Il Superuovo

Lisa Montgomery ci fa riflettere sulla pena di morte: scopriamo cosa ne pensano i filosofi

Lisa Montgomery ci fa riflettere sulla pena di morte: scopriamo cosa ne pensano i filosofi

La prima donna dopo 67 anni a cui viene inflitta la pena capitale.  Platone, Kant e Beccaria: a favore o contrari? 

La sentenza della Corte d’appello di Washington DC ci fa nuovamente riflettere sulla pena di morte, sulla sua applicabilità, sull’etica riguardo a una punizione oltremodo definitiva. Ripercorrendo le parole di alcuni tra i più importanti pensatori della storia analizziamo questo tipo di pena.

Il processo Montgomery

I capi di accusa della signora Montgomery sono tremendi e raccontano una storia atroce. Nel dicembre 2004 contattò Bobbie Jo Stinnett, 23enne incinta di otto mesi, con il pretesto di voler acquistare un cucciolo da una cucciolata che la signora Stinnett aveva pubblicizzato online. La donna si recò a casa della Stinnett, dove la strangolò a morte e le asportò dall’addome la sua bambina. La signora Montgomery è poi tornata a casa e ha tentato di far passare il bambino per suo. L’assassina ha evidenti problemi di salute mentale legati ad un passato e ad un infanzia tremendi, fatti di molestie, abusi e sfruttamento sessuale. Questi sono, per l’avvocatessa che la difende, i motivi per cui necessita un aiuto e non una punizione. Attualmente Lisa Montgomery è l’unica donna nel braccio della morte nel Paese a stelle e strisce: l’applicazione della condanna è prevista per il 12 gennaio.

Platone e Kant: a favore.

I due autori sono divisi da un lasso temporale incolmabile ma le loro conclusioni sono molto simili infatti Platone ne ” Le leggi”, ultima delle sue opere, affronta il tema della pena capitale affermando:” I responsabili di omicidi volontari devono necessariamente pagare la pena naturale cioè patire ciò che hanno fatto. La pena deve avere lo scopo di rendere migliore e se si dimostra che il delinquente è incurabile, la morte sarà per lui il minore dei mali”. (Platone, Le Leggi,). Come vediamo in questo estratto Platone risponde sia a coloro che pensano che la pena di morte sia inumana, sia a coloro che fissano la rieducazione del detenuto come unico motivo della punizione e carcerazione.
Immanuel Kant invece sposò la teoria retributiva, identificando nella pena la funzione di rendere giustizia, assicurando la perfetta corrispondenza tra reato e castigo, infatti afferma “Se egli ha ucciso, egli deve morire. Non vi è nessun surrogato, nessuna commutazione di pena che possa soddisfare la giustizia. Non c’è (…) nessun altro compenso tra il delitto e la punizione, fuorché nella morte giuridicamente inflitta al criminale”

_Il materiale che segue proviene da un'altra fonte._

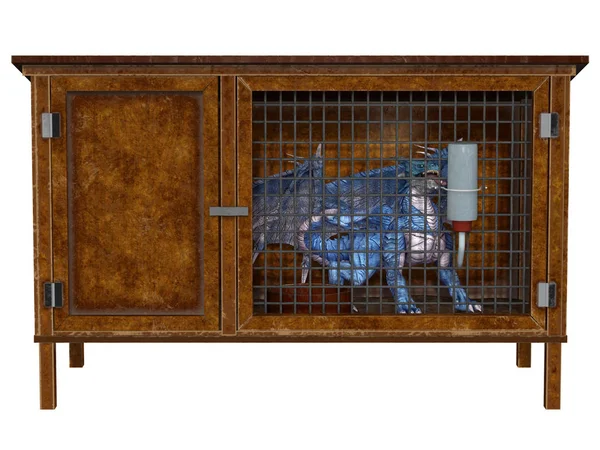 Illustration Fantastique Petit Dragon Bleu Conservé Comme Animal Compagnie Dans — Photo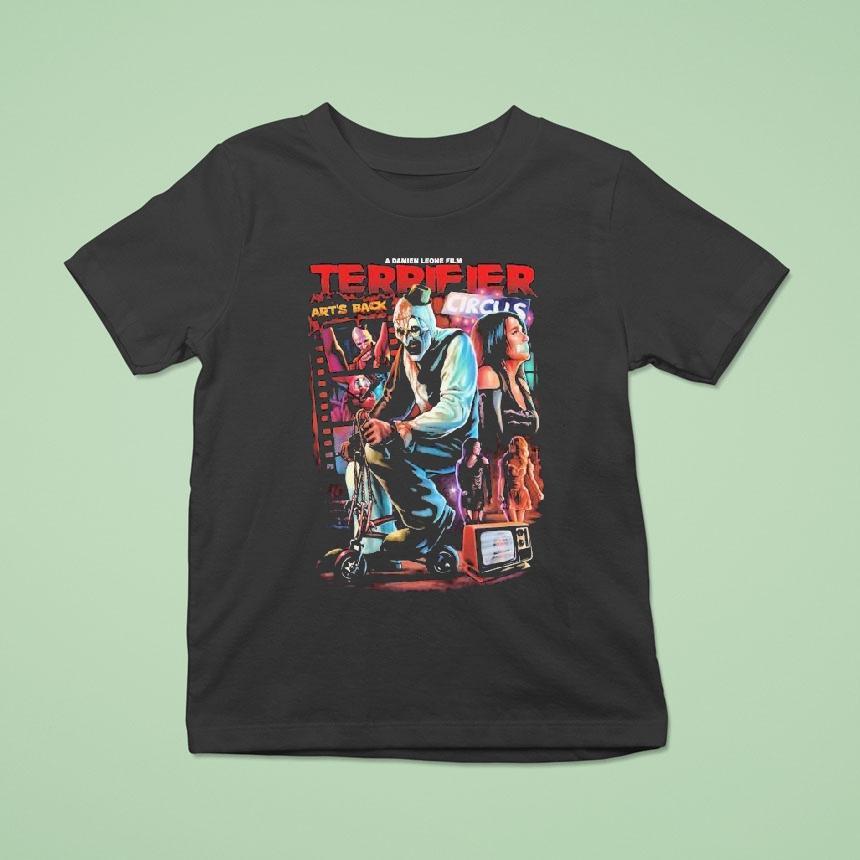 Terrifier Joy Ride Art S Back Circus T Shirt Terrifier Joy Ride Art S Back Circus T Shirt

Cesare Beccaria: contrario.

Come sappiamo Beccaria e Kant partecipano entrambi al dibattito illuministico e proprio riguardo alla grande opera di Beccaria, Kant si esprime così:” Il marchese Beccaria, per un affrettato sentimentalismo umanitario, sostiene che ogni pena di morte costituisce un’ingiustizia” Tale ragionamento viene considerato da Kant come un sofismo, uno snaturamento del diritto, poiché nel patto originario o contratto sociale, non è contenuta la promessa di lasciarsi punire e di disporre così di se stesso e della propria vita. Beccaria, nell’escludere la pena di morte, esprime un punto di vista contrattualistico della legge. Secondo questa, dal contratto sociale non deriva il diritto dello Stato di applicare la pena di morte, perché gli uomini non possono aver stabilito ciò, conferendo agli altri il potere di ucciderli. Beccaria però lascia degli spiragli riguardo la pena di morte affiancandosi al pensiero di Platone e infatti afferma:” La morte di un cittadino non può credersi necessaria, che per due motivi. Il primo, quando anche privo di libertà egli abbia ancora tali relazioni e tal potenza, che interessi la sicurezza della nazione;(…) La morte di un cittadino divien dunque necessaria quando la nazione ricupera o perde la sua libertà, (Cesare Beccaria, Dei Delitti e delle pene, 1764).